Spätestens der 9. November und der folgende Massenmord an den europäischen Juden hat eindeutig und unwiderlegbar bewiesen, dass der Antisemitismus in letzter Konsequenz auf nichts anderes als auf die Vernichtung der Juden hinausläuft und dass es einen Staat geben muss, der explizit Jüdinnen und Juden vorbehalten ist, um sie mit staatlicher Gewalt, welche auch militärische impliziert, vor dem Griff ihrer Mörder weltweit zu schützen notwendig ist. Wenn wir also am 9. November den Opfern der Shoa gedenken, dann dürfen wir nicht vergessen, dass der Staat Israel als jüdischer Staat heute nach wie vor existentiell bedroht ist und nicht nur geographisch sondern auch politisch weltweit - mit Ausnahme der USA - ausschließlich von Feinden umgeben ist. Durch diese prekäre Situation ist auch die Hoffnung der Zionisten obsolet geworden, dass durch die Gründung eines eigenen Staates der Antisemitismus verschwinden würde, dies ist jedoch nicht geschehen, der Antisemitismus reproduziert sich vielmehr geographisch, insbesondere in Deutschland, als sogenannte Kritik an Israel. Die Kritik, die in Deutschland an Israel geübt wird, hat allerdings selten etwas mit der

 

konkreten Regierungspolitik Israels zu tun, viel aber mit Ressentiment.

 

Der Antisemitismus, also der klassenübergreifende Kitt der die deutsche Volksgemeinschaft zusammengehalten hat und dessen bisher extremster Ausdruck die Shoa war, ist mit dem 8. Mai 1945 nicht besiegt worden. Zwar sind heute explizit antisemitische Äußerungen in der politischen Öffentlichkeit noch geächtet, allein wegen des Ansehens im Ausland, aber der Antisemitismus hat überlebt einige Metamorphosen hinter sich und als sekundärer Antisemitismus (u.a. als Antizionismus) richtet er sich nun gegen diejenigen, die nur durch Zufall lebend der Vernichtungsmaschinerie der Deutschen entgangen sind.
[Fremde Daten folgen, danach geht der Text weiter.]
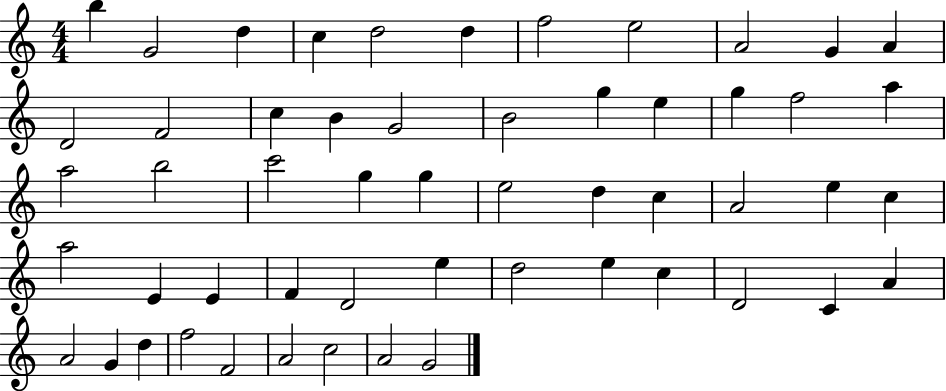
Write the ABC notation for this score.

Es sind gerade diese Überlebenden und ihre Nachfahren die immer wieder Ziel antisemitischer Aggressionen sind, denn ihre bloße Existenz erinnert die Deutschen jeden Tag aufs neue an ihre Verbrechen und verhindert so die öffentliche positive Bezugnahme auf das völkische Kollektiv.

 

Der Staat Israel, also der einzige Staat auf dieser Erde, der wirklich bereit und gewillt ist, Juden jederzeit militant vor Antisemitismus zu schützen zeigt den Deutschen jeden Tag aufs Neue ihre Schuld und ist deshalb immer wieder Ziel der deutsch-völkischen Argumentation. Und es liegt auf der Hand, dass weil Antisemitismus und Vernichtung in Deutschland ein arbeitsteiliges völkisches Projekt ist, die Linke natürlich nicht fehlen darf.

 

“Es ist die Linke, die mit steil abweisender Gebärde abzulehnen hat, dass der Antisemitismus dürftig maskiert als Antizionismus wieder respektabel wird.” (Jean Améry)

 

Gemeinhin gilt die Linke immer noch als fortschrittliche und emanzipatorische Kraft der Geschichte, doch gerade im Verhältnis zum Staat Israel offenbaren große Teile der  deutsche Linken immer wieder ihre antisemitische Geschäftsgrundlage. Zwar beteuern viele  Menschen, die sich selbst antifaschistisch nennen, dass Israel ein Existenzrecht habe. Was davon zu halten ist zeigt sich aber immer dann, wenn Israel durch polizeiliche und militärische Aktionen versucht die faschistischen Terrorstrukturen von Hamas, Islamischen Dijhad oder der Al Aksa-Brigaden zu zerschlagen und somit seine Existenz und das überleben seiner Bürger zu sichern. Doch wenn dieser militärische Selbstschutz negiert wird, wie so oft in der Linken, dann wird aus der Beteuerung das Israels ein Existenzrecht hat, ein Lippenbekenntnis: Antisemitismus, der sich selbst Antizionismus nennt, ist nichts anderes als die Intention den israelischen Staat zu zerstören!

 

Schuld für die jegliche Eskalation im Nahen Osten ist für diese “Linken” immer das imperialistische Israel. Deswegen haben sie Verständnis für die palästinensischen Selbstmordattentäter, die sich als lebende Bomben in Cafés, Bussen und Restaurants in die Luft sprengen um unterschiedslos so viele ZivilistInnen wie möglich mit in den Tod zu reißen, aber nicht dafür, dass der Staat Israel (und jeder andere Staat in vergleichbarer Situation eben auch) nicht tatenlos dabei zusehen kann und darf, dass in aller Regelmäßigkeit seine Bürger Opfer dieser antisemitischen Massaker werden.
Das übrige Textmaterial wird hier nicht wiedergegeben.